*** Block opens ***

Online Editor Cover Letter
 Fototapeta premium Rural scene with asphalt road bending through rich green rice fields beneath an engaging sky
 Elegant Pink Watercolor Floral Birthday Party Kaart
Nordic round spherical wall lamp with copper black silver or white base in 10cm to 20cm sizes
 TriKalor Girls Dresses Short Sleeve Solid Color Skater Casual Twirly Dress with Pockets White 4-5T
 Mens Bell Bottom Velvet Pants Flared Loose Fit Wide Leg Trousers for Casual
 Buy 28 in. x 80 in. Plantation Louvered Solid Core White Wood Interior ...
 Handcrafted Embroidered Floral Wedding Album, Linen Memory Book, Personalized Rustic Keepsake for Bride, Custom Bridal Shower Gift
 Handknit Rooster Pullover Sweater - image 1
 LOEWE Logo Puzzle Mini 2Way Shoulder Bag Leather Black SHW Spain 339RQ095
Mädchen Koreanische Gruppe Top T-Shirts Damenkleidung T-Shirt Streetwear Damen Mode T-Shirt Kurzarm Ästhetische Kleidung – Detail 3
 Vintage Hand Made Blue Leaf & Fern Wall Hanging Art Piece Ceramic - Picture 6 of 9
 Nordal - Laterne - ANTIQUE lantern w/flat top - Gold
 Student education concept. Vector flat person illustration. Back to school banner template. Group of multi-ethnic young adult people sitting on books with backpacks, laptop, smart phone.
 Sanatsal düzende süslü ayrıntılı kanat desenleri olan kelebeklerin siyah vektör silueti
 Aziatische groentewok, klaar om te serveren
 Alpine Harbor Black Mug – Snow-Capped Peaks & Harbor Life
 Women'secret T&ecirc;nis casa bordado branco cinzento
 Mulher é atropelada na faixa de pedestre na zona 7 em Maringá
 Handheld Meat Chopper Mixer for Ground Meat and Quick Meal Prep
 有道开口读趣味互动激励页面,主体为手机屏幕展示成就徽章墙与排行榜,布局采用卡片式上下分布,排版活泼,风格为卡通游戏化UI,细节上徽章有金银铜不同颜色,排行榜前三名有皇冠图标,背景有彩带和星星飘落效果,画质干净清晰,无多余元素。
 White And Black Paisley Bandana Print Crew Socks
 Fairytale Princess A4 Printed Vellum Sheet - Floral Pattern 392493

*** Block closes ***

ACTION ITEM:
Copy each line above where "flat" appears.

SOLUTION TO THE EXERCISE:
 Nordal - Laterne - ANTIQUE lantern w/flat top - Gold
 Student education concept. Vector flat person illustration. Back to school banner template. Group of multi-ethnic young adult people sitting on books with backpacks, laptop, smart phone.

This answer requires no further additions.